What impressed us the most was not its exclusivity or price, but the performance behind this exquisite supercar. The P1 reportedly boasts a feature that helps its engine add more thrill to the driver, dubbed the Instant Power Assist System. With this baby turned on, drivers beware!

The P1 reaches 62 mph (100 km/h) from a standstill in less than 3 seconds, while the 124 mph (200 km/h) marker gets passed in just under 7 seconds. Whopping as it is, the car needs just around 17 seconds to get to 186 mph (300 km/h) and the exhilaration won’t end until it reaches 350 km/h (217 mph) – the electronically limited maximum speed of the P1.

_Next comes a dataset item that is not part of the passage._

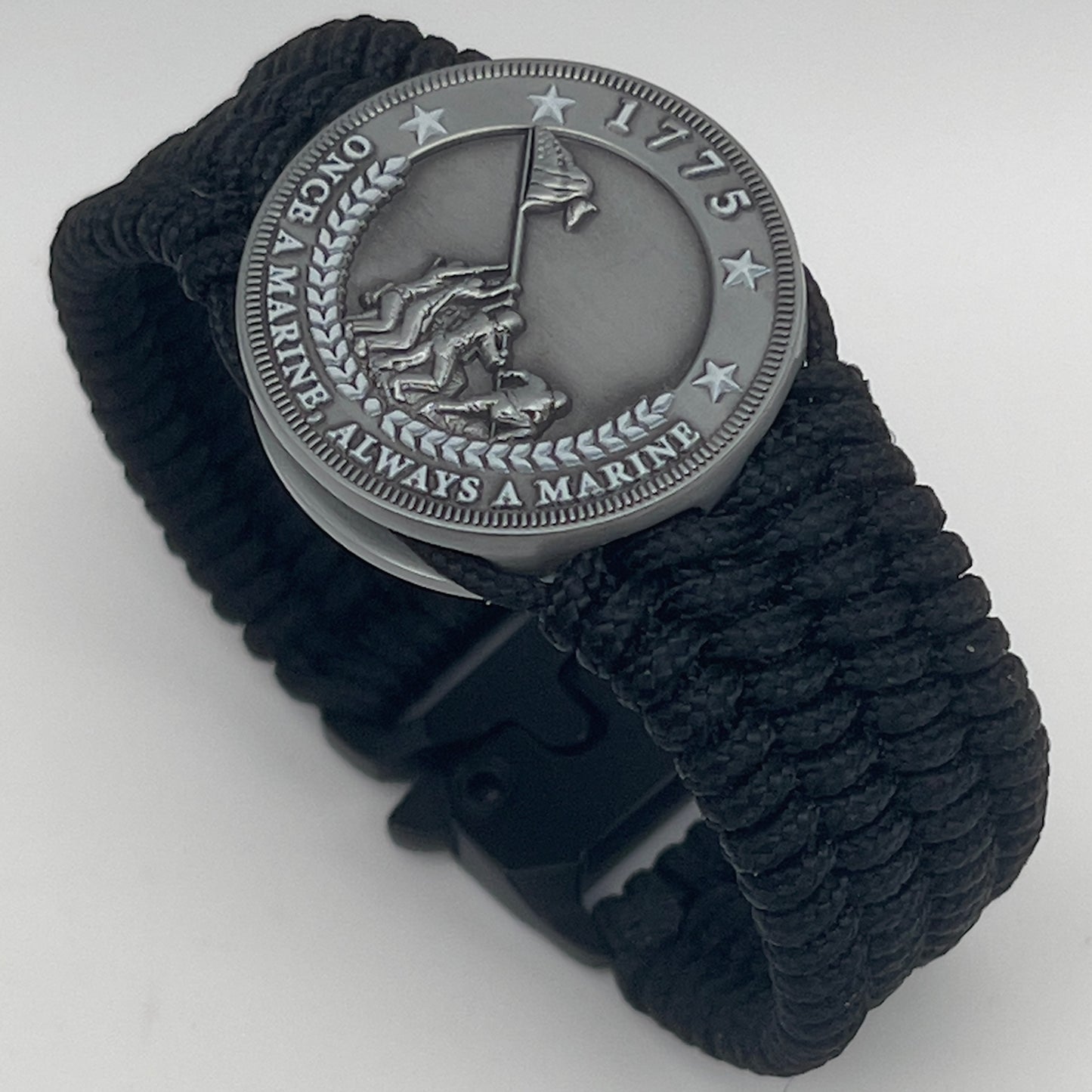 Thin, wide, flexible and comfortable braided United States Marine Corps Iwo Jima bracelet featuring an antique silver plated Iwo Jima flag raising medallion, a black Cobra style tactical buckle and woven with black Type-1 paracord.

The IPAS feature, though, does not simply consist of software – it is in fact an electric motor which can be activated via a button found on the steering wheel. This electric engine provides the engine of the P1 with the throttle response of a normally-aspirated engine. In addition, there’s the DRS button on the steering wheel – Drag Reduction System – this means the rear wing reduces its angle, lowering the drag by around 23%. At the simple press of the brake pedal or the release of the button, the driver is able to turn this particular feature off.

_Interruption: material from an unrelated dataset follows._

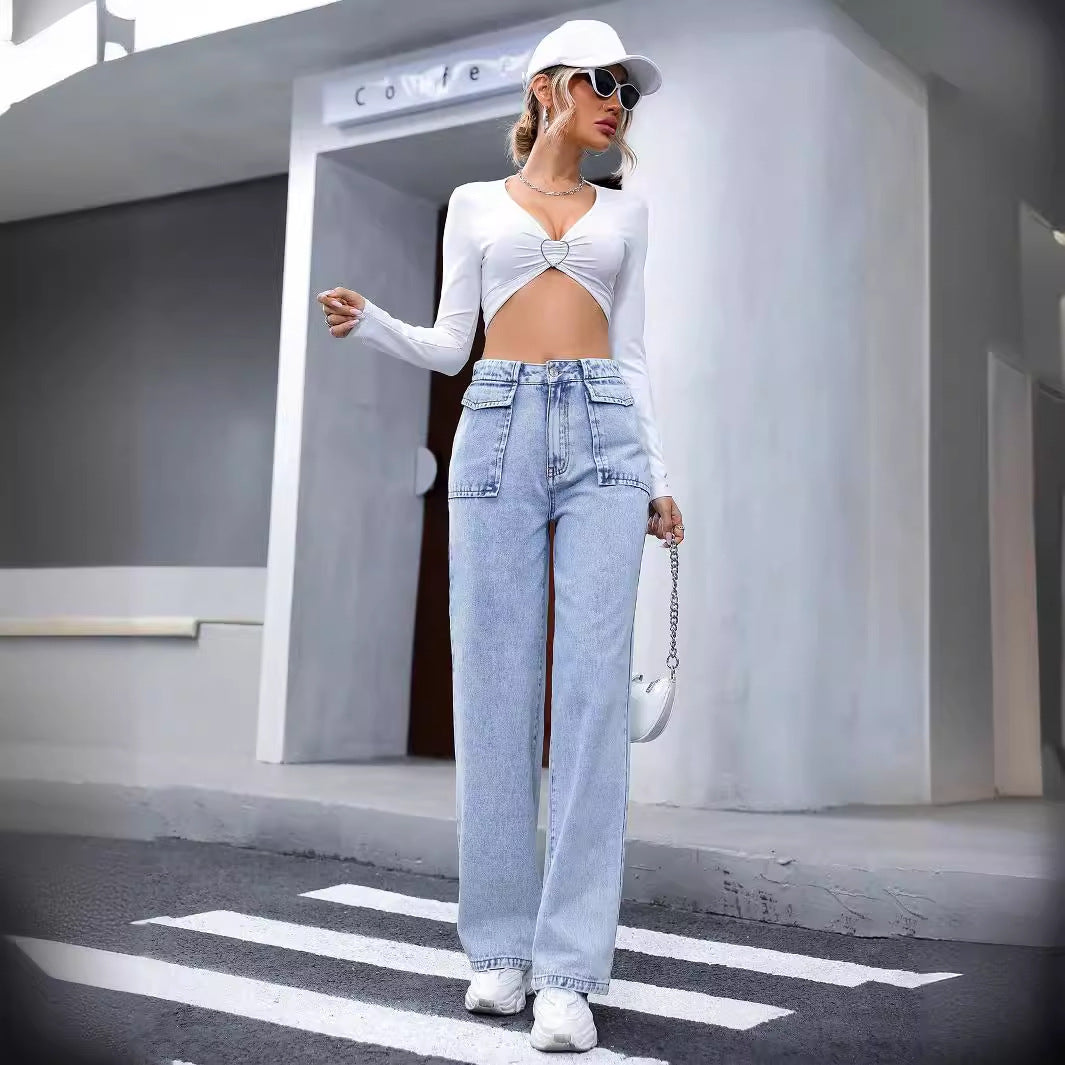 Woman in white crop top and light wash denim trousers showcasing stylish langry fashion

Now, the engine – you’d probably thing all that power and torque required to get a car to 350 km/h plus will require a huge propulsion system. But no, the McLaren P1 relies on a 3.8-liter twin-turbo mid-mounted V8 engine which churns out a respectable 737 HP (542 kW) at 7,500 RPM and 720 Nm (531 lb-ft) of torque at 4,000 RPM, alongside an electric motor which adds 179 HP (132 kW) and 260 Nm (192 lb-ft) of torque. The combined output is rather astronomical – 916 HP (674 kW) and 900 Nm (663 lb-ft) of torque!

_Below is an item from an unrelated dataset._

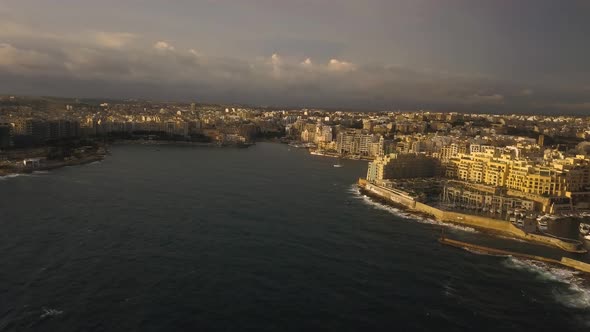 Wide aerial view of St. Julian, Malta at sunrise. A golden light shines on the buildings of the city alt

Add this to a 7-speed twin clutch Graziano transmission and you’ll have the proof that Ron Dennis is obsessed with the high-tech. Interestingly enough, the P1 can also be driven fully electrically, with a range of 20 km (12.4 miles), at an average speed of 30 mph (48 km/h) – but this would just be defiance.

In technical terms, the drag coefficient of the P1 is as cool as 0.34, while the downforce generated is 5 times better than the MP4-12Cs – a stunning 600 kg. The chassis only weighs around 220 lbs (100 kg), while the whole car tips the scales at 3,086 lbs (approximately 1,400 kg). Furthermore, it runs on Pirelli P Zero Corsa tires and the CO2 emissions are extremely low – less than 200 g/km. The brake discs are crafted from some innovative sort of carbon ceramic, making them lighter, better in heat dissipation and way nice to look at, thanks to the custom ceramic layer coating that provides them a gorgeous shine.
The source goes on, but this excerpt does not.